I noticed that non-Muslim friends has no qualms about even getting halal meat from Tesco if they were having me round for dinner. Now this is exceptionally thoughtful and only do-able if you live in an area that has such an option. But if not, again I happily ate veggie. And again, this was just fine. Nothing was awkward, nothing was complicated, nobody was offended. Just as you wouldn’t serve steak to a vegetarian, friends who knew I ate halal wouldn’t serve me pork.
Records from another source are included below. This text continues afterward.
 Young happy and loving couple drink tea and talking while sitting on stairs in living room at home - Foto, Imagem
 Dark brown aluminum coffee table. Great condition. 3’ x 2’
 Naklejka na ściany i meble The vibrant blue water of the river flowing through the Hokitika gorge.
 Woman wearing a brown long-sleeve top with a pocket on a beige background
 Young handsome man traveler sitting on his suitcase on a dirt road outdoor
So all this furore has slightly baffled me. If nothing else, for halal eaters, some of the info is enlightening. I didn’t know Ask Italian had halal options. With all this in mind, I thought it best to tackle the main issues raises by the news head on, with my thoughts at least…
Why halal meat?
Rather understandably, the general public are probably slightly confused as to why there are so many halal options. And understandably so in a nation where Muslim people are a minority. However, the answer is simple – it makes business sense. Nandos isn’t offering halal chicken out of political correctness, it’s got it because there’s a whole new audience they’ve tapped into. As for unlabelled halal supermarket food, it was news to me too. Plus it clearly it tasted exactly like ‘normal’ meat so it didn’t bother anyone until it was made into an issue.
Food containing halal meat should be labelled accordingly
I couldn’t agree more. People then have the option if avoiding it on principle, whereas halal meat eaters know it is available to them. Everybody’s happy when we know where we stand.
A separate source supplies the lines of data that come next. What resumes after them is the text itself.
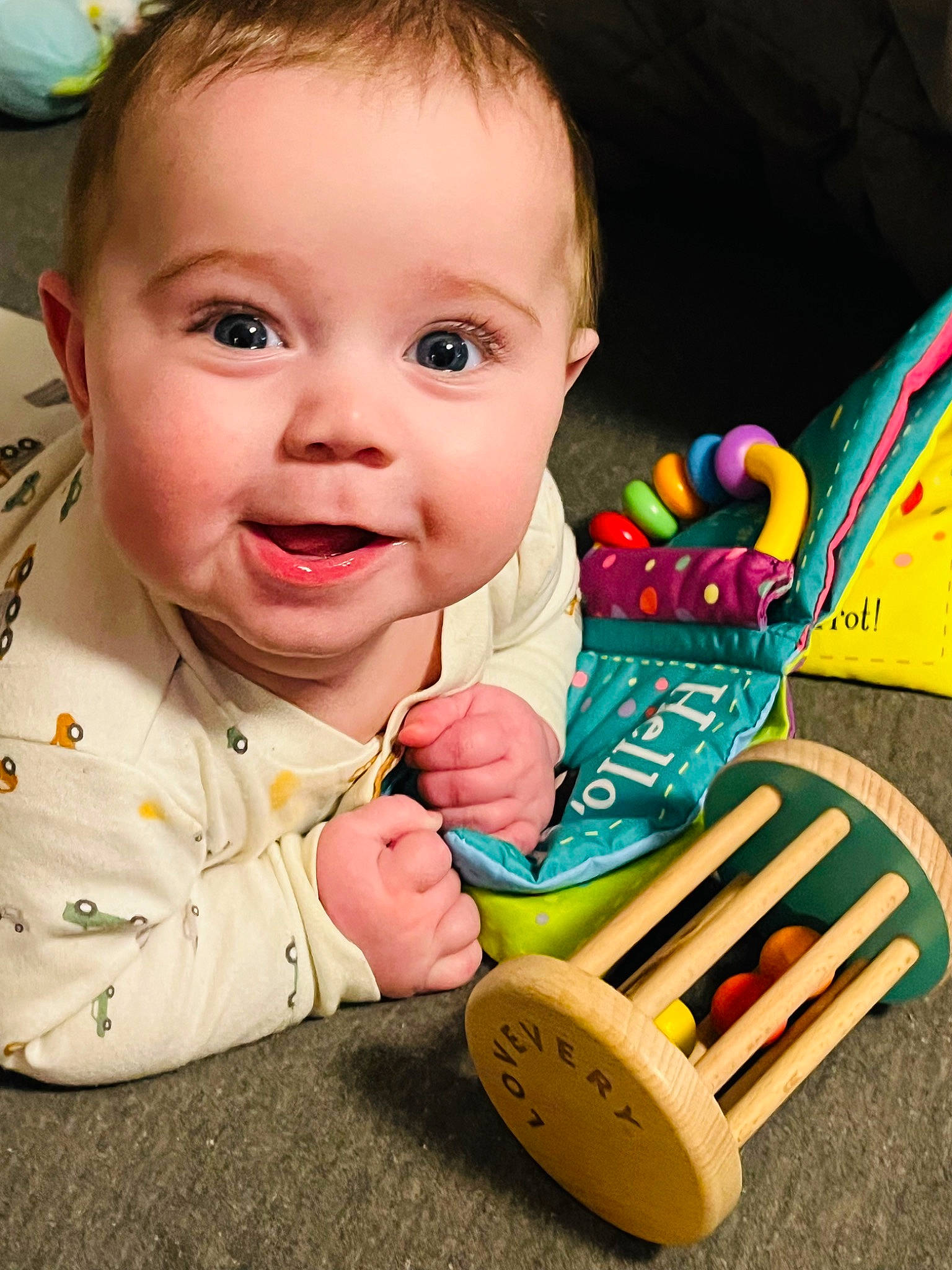 Jasper is registered to the contest to win money with this photo: baby, baby_playing_with_toys, baby_products, baby_toddler_clothing, cheek, child, eye, finger, fun, green, happy, iris, nose, organ, people, person, product, smile, toddler, toy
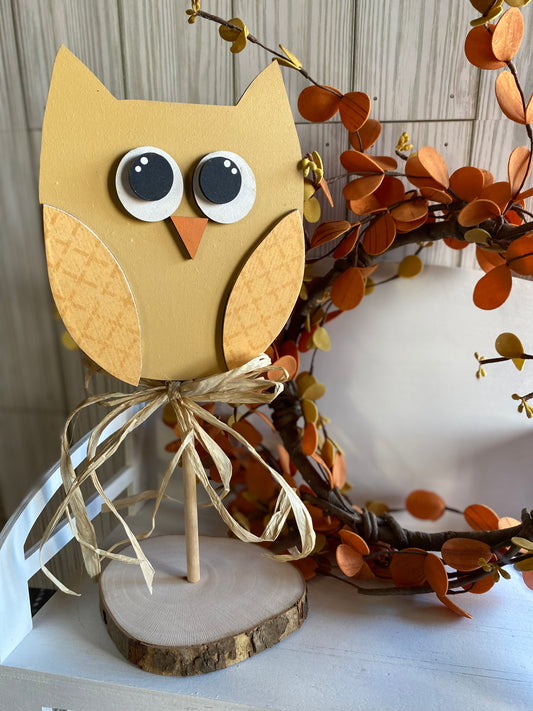 Hand-painted golden fall yellow owl with black/white bright eyes, and a raffia bow at the neck, standing on a wooden base.
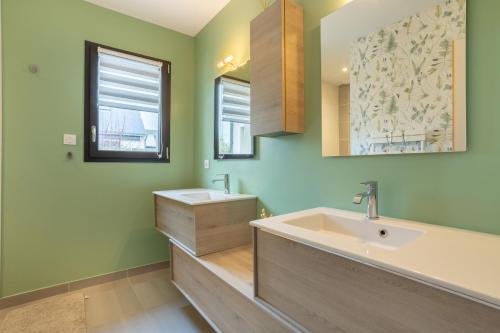 a bathroom with a large sink and two mirrors at Paradi Bleu in Trégunc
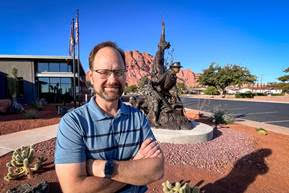 Dave hererro wearing a blue shirt standing in front of a statue in the southwest desert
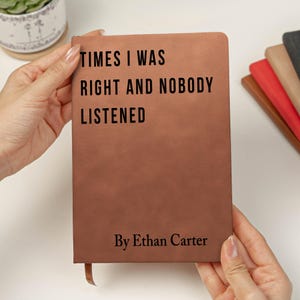 K&ouml;nnte beinhalten: Ein braunes Lederjournal, das von H&auml;nden gehalten wird, mit dem Text "TIMES I WAS RIGHT AND NOBODY LISTENED" und "By Ethan Carter" in Schwarz gedruckt. Ein Lesezeichen aus Band ist sichtbar. Weitere Journale in verschiedenen Farben sind im Hintergrund.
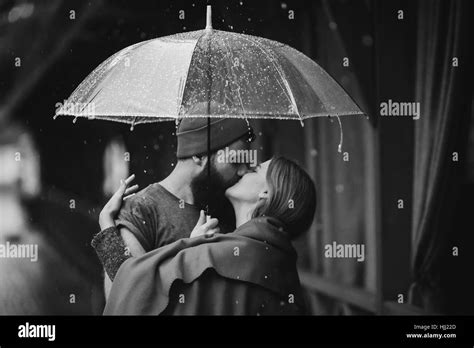 Guy And The Girl Kissing Under An Umbrella Stock Photo Alamy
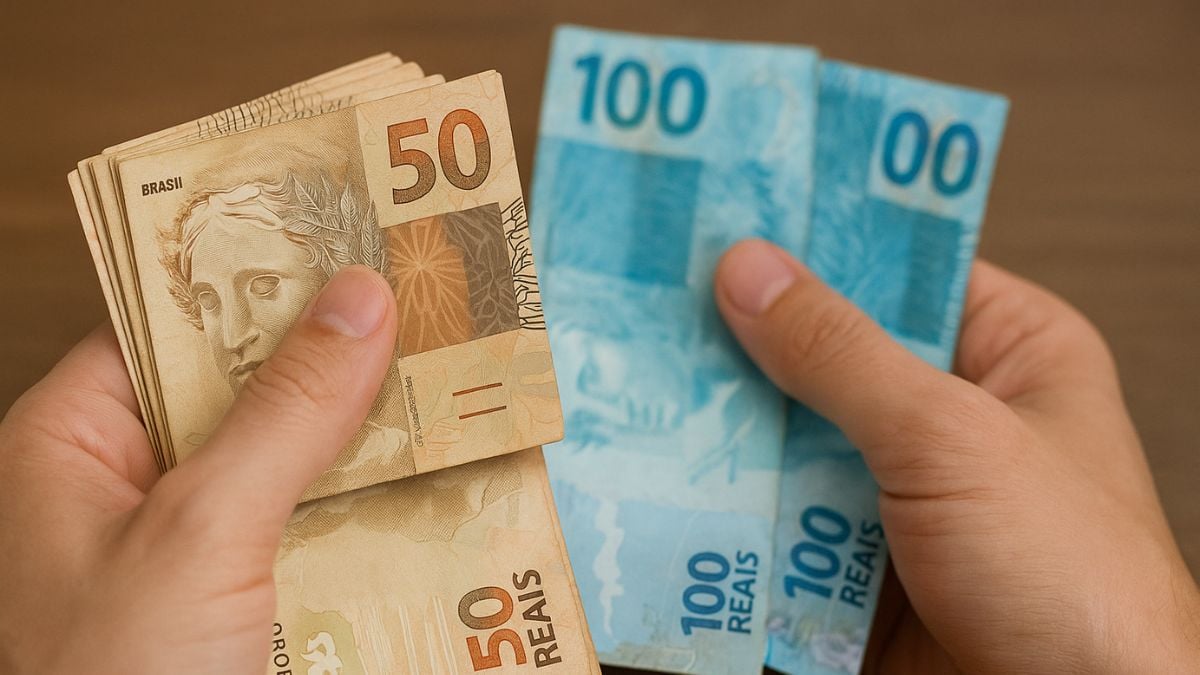 Mãos segurando notas de dinheiro do Brasil, incluindo cédulas de 50 e 100 reais, com foco em reajuste do salário mínimo e valores projetados para 2027.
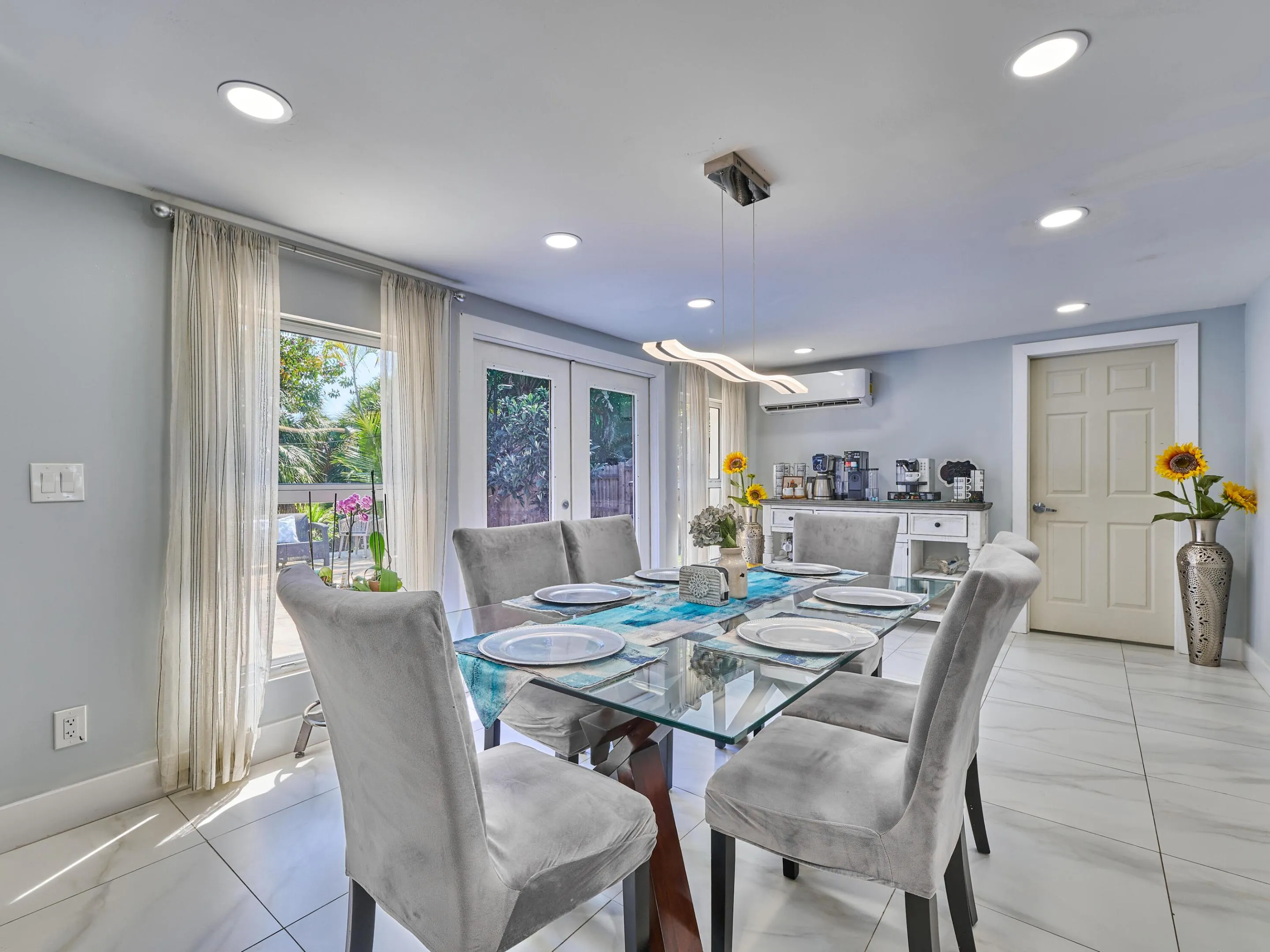 Recessed ceiling lighting, glass-panel French doors, light-toned wall paint, white tile flooring, and a contemporary linear pendant light fixture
The slaughtering process for halal meat is cruel
In truth, before this debate came into the public eye, how many people actually did know how animals were slaughtered?
And also, sorry to point the obvious, how can you be so strong on animal cruelty when you happily eat the animal yourself? I doubt the stunning process makes the ordeal of knowing imminent death any less frightening or distressing for the animal.
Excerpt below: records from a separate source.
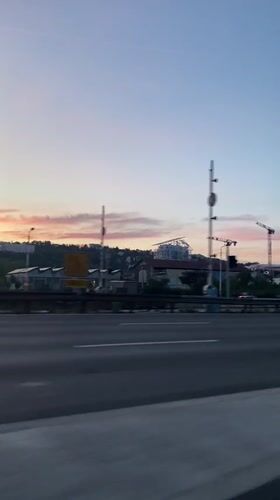 Dawn highway drive captured near Lyon with moonlit sky
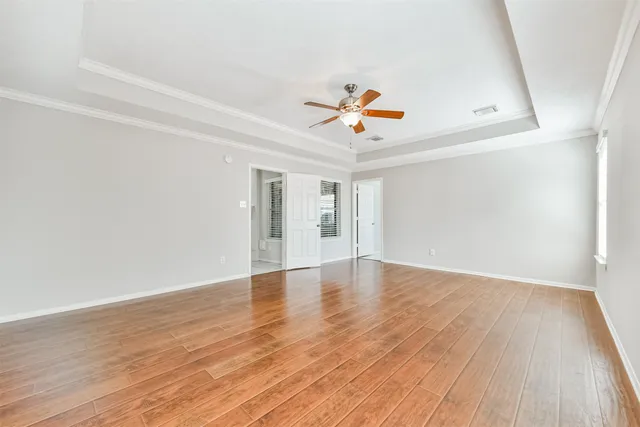 an empty room with wooden floor and windows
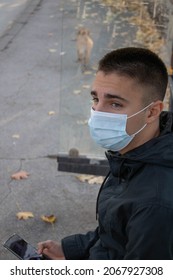 Young Man Waiting For Bus, At Bus Stop. Face Mask. Wearing Face Mask. Covered Face. 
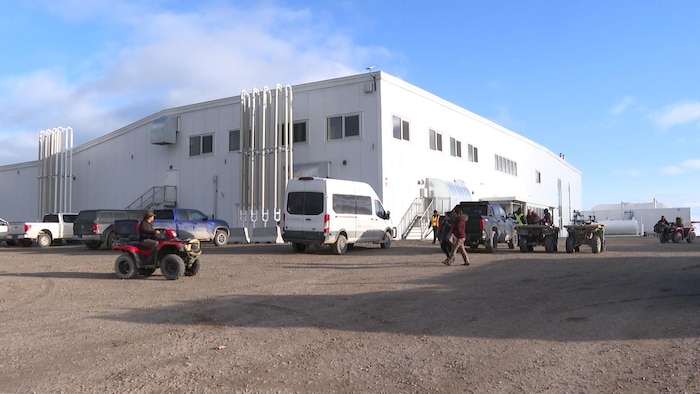 Des véhicules sont garés devant l'usine de maisons préfabriquées à Arviat.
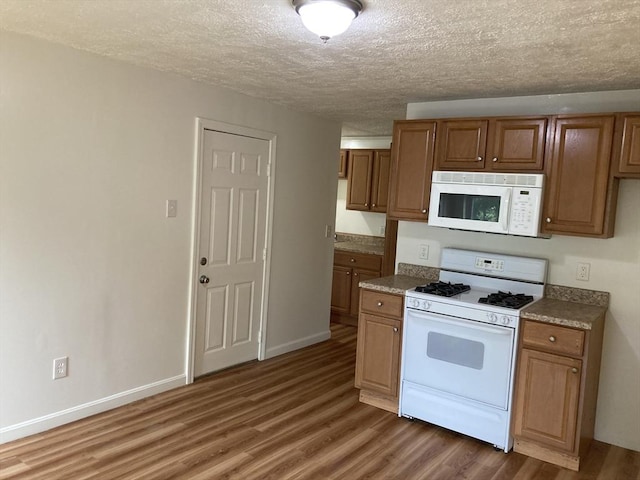50 Howard St, Haverhill, MA 01830 - kitchen featuring white appliances, wood finished floors, a textured ceiling, and brown cabinets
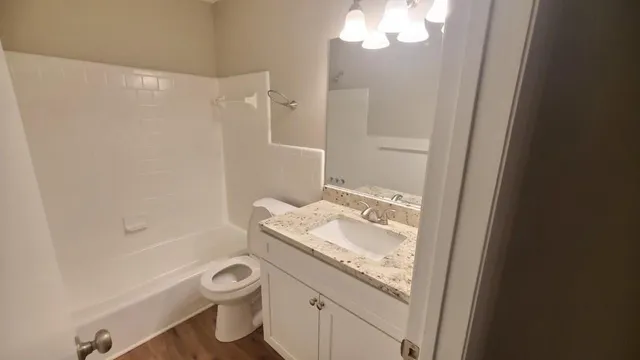 a bathroom with a granite countertop sink a toilet and shower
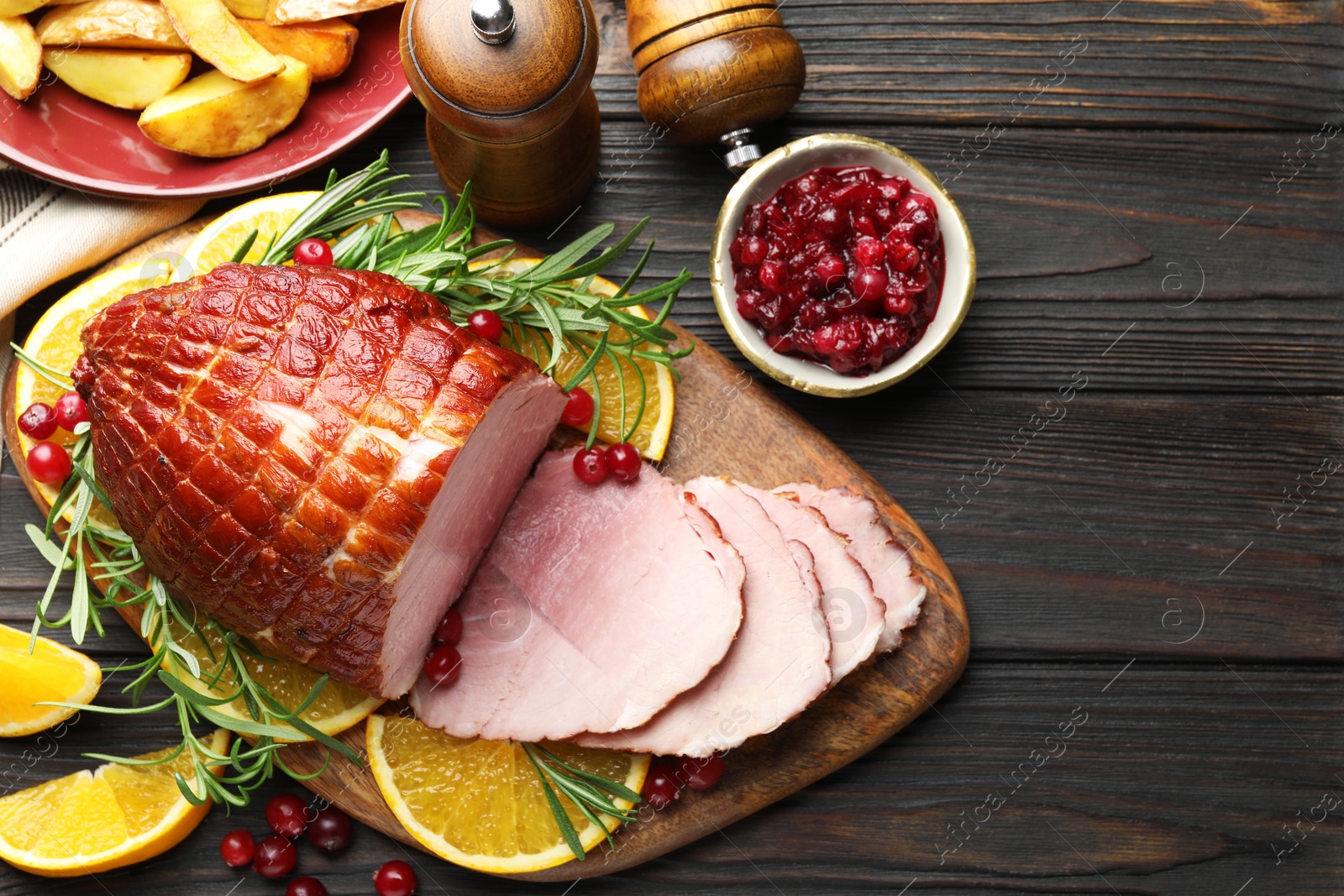 Photo of Christmas food. Tasty baked ham served on wooden table, flat lay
The whole halal thing is confusing and awkward as we’re so scared to offend anyone
This is the biggest bone of contention for me. A lot of the coverage, while attempting to seem unbiased and not racist, focuses on the stunning process rather than the cultural side. However, other articles use the opportunity to open a debate about Muslims in general and how it’s such a bind for suburban housewives to know which child to serve sausage to at their kid’s birthday party. Ah, first world worries.
But in in truth, these articles have been doing the rounds since, let’s say, circa 2001. Any mention of Muslims, and the opportunity was seized just to report on how strange we are.
The reality is, and I’m speaking frankly here, in most, but not all cases, it’s not the Muslim person who is offended by being asked if they eat sausage, it’s the non-Muslim person asking.
I’ve had people cringe at work during Ramadan when they offer me a cup of tea. Often with side retorts of ‘I won’t tell if you don’t’. People have apologies when they’ve offered me an alcoholic drink at a work do. But the truth is, I am not remotely offended, and neither should the person asking me. What they are offering is out of kindness, so why take it any other way.
In some respects, life was easier back in the day before people were ill-informed about Islam, and the religion made the news for all the wrong reasons. People at the very least didn’t feel so awkward about things, and it opened up the opportunity to explain the religion without any preconceptions set by the bearded man who had been interviewed in the street on the six o’ clock news.
That’s probably why I’ve never struggled with the halal debate myself. My friends have never felt awkward about things, because I had the opportunity to explain, before Islam-phobia had a chance to take over.
So in terms of the whole halal debate, I think there should be better labelling so people can choose as they wish. I imagine a lot of people won’t care if the meats halal, as long as these no horse in it.